Task objective: Your answer should hold the data exactly as given, minus any picture.

Data provided section start

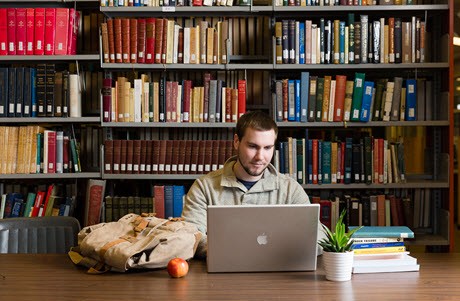 温尼伯大学图书馆中的学生
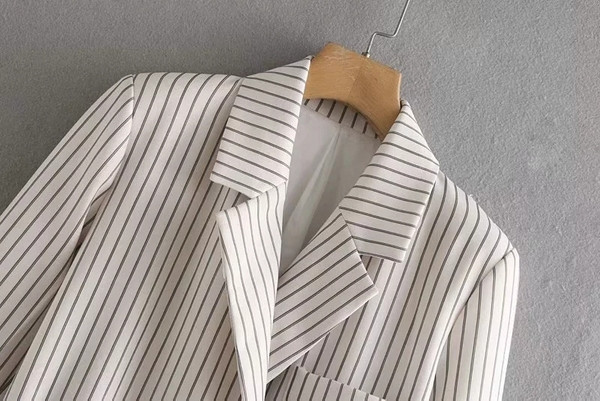 Geaca de dama in dungi cu buzunare si curea alb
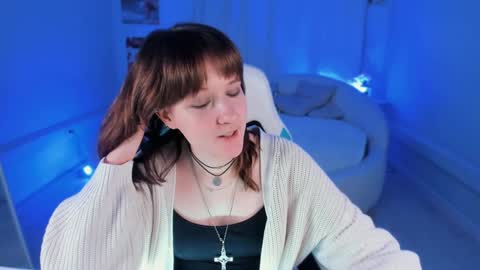 Snapshot of clover_red chatting on 01/30/25, 06:00 Clover follow me online show from 01/30/25, 06:00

Data provided section end

Solution:
 温尼伯大学图书馆中的学生
 Geaca de dama in dungi cu buzunare si curea alb
 Snapshot of clover_red chatting on 01/30/25, 06:00 Clover follow me online show from 01/30/25, 06:00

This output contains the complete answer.